Call for Paper Volume 8, Issue 2 (March-April 2026) Submit your research before last 3 days of April to publish your research paper in the issue of March-April.

Cognitive Device Computability in Next-Generation IoT Ecosystems: A Comprehensive Framework for Distributed Computation with Privacy Preservation, Quantifiable Reasoning, and Autonomous Edge Intelligence

Author(s) Dr. Umakant Pandurang Pise
Country India
Abstract The Internet of Things (IoT) has progressed from its original state as a data-collection system to become a network of connected devices which require immediate processing capabilities. The current situation has reached a fundamental problem because there is no standardized method to determine the cognitive abilities of Internet of Things devices which must show their capability to independently detect and understand and acquire knowledge and change their behavior without accessing cloud resources. The paper presents Cognitive Device Computability (CDC) as a formalized theoretical framework which includes three original elements. The first element The Cognitive Device Quotient (CDQ) measures device intelligence through its weighted system which evaluates multiple dimensions of intelligence. The Adaptive Edge Autonomy Model (AEAM) provides organizations with a four-level system which enables them to make context-based decisions while protecting their private information through distributed reasoning. The Computability Maturity Index (CMI) functions as a five-stage ecosystem classification system which organizations can use to assess their Internet of Things deployments against cognitive autonomy criteria.
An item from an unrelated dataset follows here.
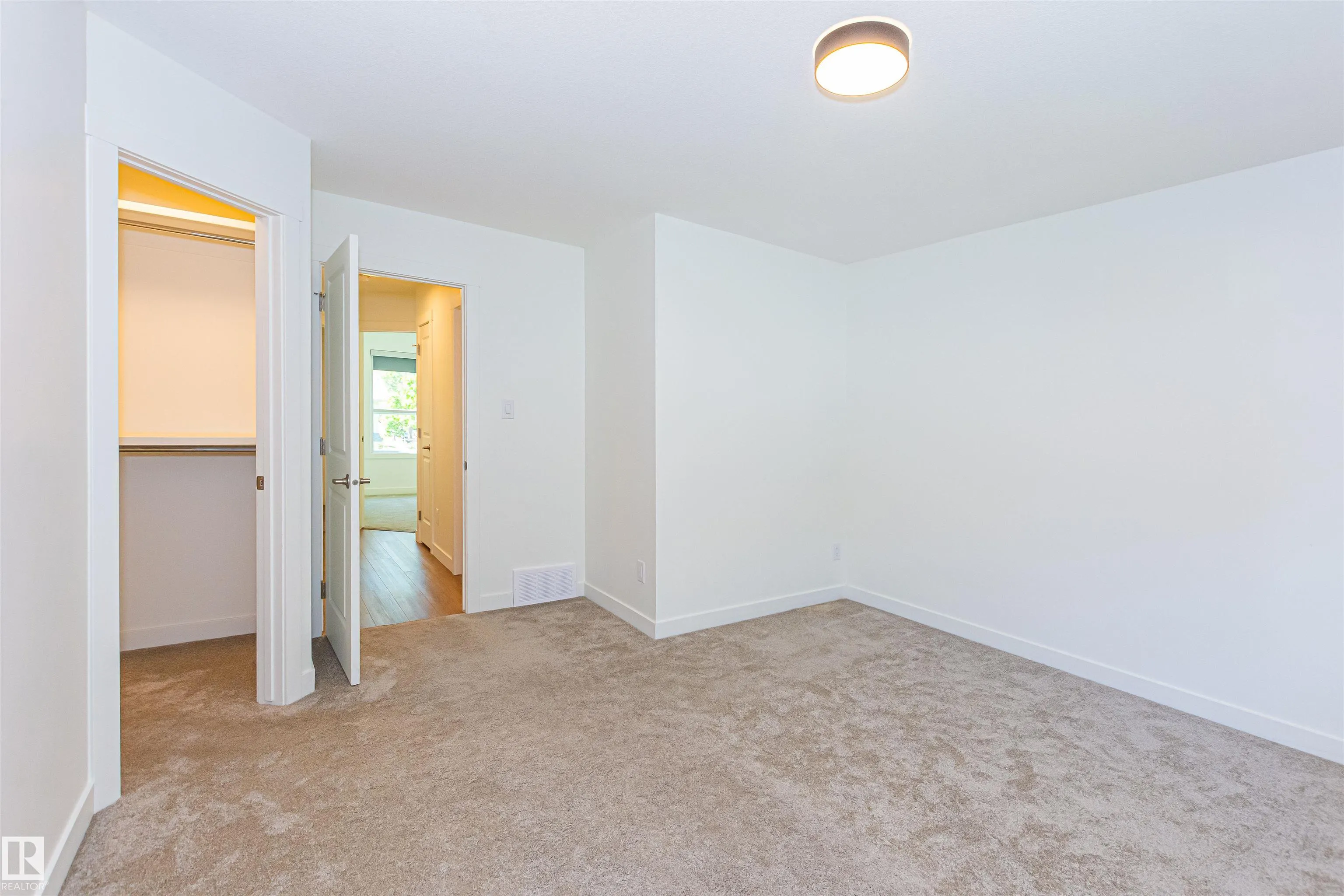 12220/22/24/26 112 Avenue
The system represents Internet of Things devices as self-learning computational devices because the current system unites various optimization methods into a single framework. The operational tests conducted through simulations in industrial sectors and healthcare systems and smart city environments achieved latency times which decreased to less than 4.8 milliseconds while achieving energy reductions of 34 percent and maintaining 91.4 percent of user privacy and 96.2 percent of system functionality during network outages. The proposed framework provides an essential theoretical base together with an engineering plan that will guide development of future autonomous sustainable IoT systems which follow ethical principles.
Keywords Cognitive Device Computability, Cognitive Device Quotient, Adaptive Edge Autonomy, TinyML, Federated Edge Intelligence, Privacy-Preserving IoT, Computability Maturity Index, Distributed Autonomous Systems, Edge-Native AI, Self-Adaptive Computation.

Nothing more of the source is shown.